Brief:
Go to the line containing "مع جهات رسمية" and return it and each line after it exactly, through the end of the data below, and nothing more.

--- Dataset content ---

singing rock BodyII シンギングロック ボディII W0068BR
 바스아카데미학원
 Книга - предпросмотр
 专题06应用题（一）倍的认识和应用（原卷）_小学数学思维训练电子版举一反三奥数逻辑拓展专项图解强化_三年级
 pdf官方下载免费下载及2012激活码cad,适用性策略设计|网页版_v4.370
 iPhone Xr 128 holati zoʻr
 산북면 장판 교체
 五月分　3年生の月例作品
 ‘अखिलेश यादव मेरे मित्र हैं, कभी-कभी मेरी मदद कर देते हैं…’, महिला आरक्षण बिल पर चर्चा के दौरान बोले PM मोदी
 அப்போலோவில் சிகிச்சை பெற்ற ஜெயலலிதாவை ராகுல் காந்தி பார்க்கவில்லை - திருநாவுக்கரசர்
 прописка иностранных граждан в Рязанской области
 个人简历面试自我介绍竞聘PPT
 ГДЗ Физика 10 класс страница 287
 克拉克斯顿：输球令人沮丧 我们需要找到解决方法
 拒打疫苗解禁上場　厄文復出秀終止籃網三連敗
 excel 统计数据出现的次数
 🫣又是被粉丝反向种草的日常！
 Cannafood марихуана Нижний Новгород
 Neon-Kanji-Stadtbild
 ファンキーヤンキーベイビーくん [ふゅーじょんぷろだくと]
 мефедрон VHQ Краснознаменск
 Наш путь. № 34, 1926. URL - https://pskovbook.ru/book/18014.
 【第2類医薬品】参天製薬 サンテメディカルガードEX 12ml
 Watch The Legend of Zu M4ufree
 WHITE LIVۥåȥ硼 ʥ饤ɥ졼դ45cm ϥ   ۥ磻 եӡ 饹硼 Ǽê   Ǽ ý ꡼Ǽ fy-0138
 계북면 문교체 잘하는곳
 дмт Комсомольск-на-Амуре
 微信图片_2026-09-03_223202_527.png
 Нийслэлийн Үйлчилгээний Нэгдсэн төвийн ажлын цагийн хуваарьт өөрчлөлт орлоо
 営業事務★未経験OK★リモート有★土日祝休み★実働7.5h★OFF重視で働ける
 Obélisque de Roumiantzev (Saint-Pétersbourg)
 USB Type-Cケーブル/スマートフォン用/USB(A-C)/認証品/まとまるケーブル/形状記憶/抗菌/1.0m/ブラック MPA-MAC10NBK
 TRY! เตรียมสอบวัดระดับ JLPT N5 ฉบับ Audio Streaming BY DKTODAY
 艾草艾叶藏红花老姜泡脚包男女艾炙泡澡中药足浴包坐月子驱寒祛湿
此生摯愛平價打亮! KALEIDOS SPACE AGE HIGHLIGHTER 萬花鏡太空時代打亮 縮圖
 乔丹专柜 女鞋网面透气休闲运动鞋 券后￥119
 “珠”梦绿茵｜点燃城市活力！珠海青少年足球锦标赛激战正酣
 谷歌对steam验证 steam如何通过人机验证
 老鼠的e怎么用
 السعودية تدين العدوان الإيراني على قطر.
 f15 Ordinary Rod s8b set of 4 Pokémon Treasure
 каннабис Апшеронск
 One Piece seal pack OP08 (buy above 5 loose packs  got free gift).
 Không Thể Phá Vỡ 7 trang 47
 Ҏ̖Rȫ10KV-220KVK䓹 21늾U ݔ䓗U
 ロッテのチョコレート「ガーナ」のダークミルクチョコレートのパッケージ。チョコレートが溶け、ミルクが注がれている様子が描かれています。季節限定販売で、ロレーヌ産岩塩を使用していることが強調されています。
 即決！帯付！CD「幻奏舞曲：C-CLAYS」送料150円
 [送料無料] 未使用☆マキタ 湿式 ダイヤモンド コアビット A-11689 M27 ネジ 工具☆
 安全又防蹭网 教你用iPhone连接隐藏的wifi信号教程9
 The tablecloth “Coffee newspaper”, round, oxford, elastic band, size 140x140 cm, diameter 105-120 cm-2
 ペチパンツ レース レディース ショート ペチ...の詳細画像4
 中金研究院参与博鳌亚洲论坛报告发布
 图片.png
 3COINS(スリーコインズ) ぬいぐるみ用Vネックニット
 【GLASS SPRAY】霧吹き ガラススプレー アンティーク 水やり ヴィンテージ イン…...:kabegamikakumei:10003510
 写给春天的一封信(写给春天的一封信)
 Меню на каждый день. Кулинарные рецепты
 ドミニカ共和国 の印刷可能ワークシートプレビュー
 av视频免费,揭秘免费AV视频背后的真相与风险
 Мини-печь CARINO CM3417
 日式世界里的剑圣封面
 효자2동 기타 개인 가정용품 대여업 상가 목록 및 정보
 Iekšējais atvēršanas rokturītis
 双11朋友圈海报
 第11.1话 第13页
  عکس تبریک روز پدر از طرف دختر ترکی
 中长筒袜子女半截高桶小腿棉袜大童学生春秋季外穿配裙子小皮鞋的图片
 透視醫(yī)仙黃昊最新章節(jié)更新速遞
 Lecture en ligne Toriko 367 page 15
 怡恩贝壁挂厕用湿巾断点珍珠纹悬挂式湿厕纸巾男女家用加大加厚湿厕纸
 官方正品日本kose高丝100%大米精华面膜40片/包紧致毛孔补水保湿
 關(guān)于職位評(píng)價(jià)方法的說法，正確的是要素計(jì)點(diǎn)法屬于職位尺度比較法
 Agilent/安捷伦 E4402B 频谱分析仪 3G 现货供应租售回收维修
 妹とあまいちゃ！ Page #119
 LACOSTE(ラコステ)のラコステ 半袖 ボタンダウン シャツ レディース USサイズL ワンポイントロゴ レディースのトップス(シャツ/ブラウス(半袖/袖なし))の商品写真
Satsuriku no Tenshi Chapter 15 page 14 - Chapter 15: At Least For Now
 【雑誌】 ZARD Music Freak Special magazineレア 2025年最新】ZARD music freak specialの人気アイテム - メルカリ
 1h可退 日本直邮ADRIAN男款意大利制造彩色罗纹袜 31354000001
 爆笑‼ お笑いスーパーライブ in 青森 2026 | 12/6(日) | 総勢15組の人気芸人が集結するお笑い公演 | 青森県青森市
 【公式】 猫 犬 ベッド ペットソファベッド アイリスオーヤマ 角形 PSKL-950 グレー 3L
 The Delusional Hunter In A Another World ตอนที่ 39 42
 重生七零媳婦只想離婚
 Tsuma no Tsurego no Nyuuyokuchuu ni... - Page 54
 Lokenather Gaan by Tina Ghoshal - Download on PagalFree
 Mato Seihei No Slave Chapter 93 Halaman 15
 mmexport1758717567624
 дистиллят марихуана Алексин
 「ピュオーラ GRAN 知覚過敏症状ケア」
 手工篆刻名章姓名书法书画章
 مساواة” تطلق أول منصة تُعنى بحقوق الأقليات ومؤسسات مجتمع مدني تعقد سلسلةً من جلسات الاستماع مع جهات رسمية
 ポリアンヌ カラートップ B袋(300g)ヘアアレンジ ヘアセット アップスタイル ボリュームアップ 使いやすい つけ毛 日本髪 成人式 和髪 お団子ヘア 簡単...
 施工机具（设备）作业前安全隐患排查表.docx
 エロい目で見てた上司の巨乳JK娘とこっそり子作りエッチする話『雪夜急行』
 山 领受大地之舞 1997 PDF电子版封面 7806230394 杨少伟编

---

Completed task:
 مساواة” تطلق أول منصة تُعنى بحقوق الأقليات ومؤسسات مجتمع مدني تعقد سلسلةً من جلسات الاستماع مع جهات رسمية
 ポリアンヌ カラートップ B袋(300g)ヘアアレンジ ヘアセット アップスタイル ボリュームアップ 使いやすい つけ毛 日本髪 成人式 和髪 お団子ヘア 簡単...
 施工机具（设备）作业前安全隐患排查表.docx
 エロい目で見てた上司の巨乳JK娘とこっそり子作りエッチする話『雪夜急行』
 山 领受大地之舞 1997 PDF电子版封面 7806230394 杨少伟编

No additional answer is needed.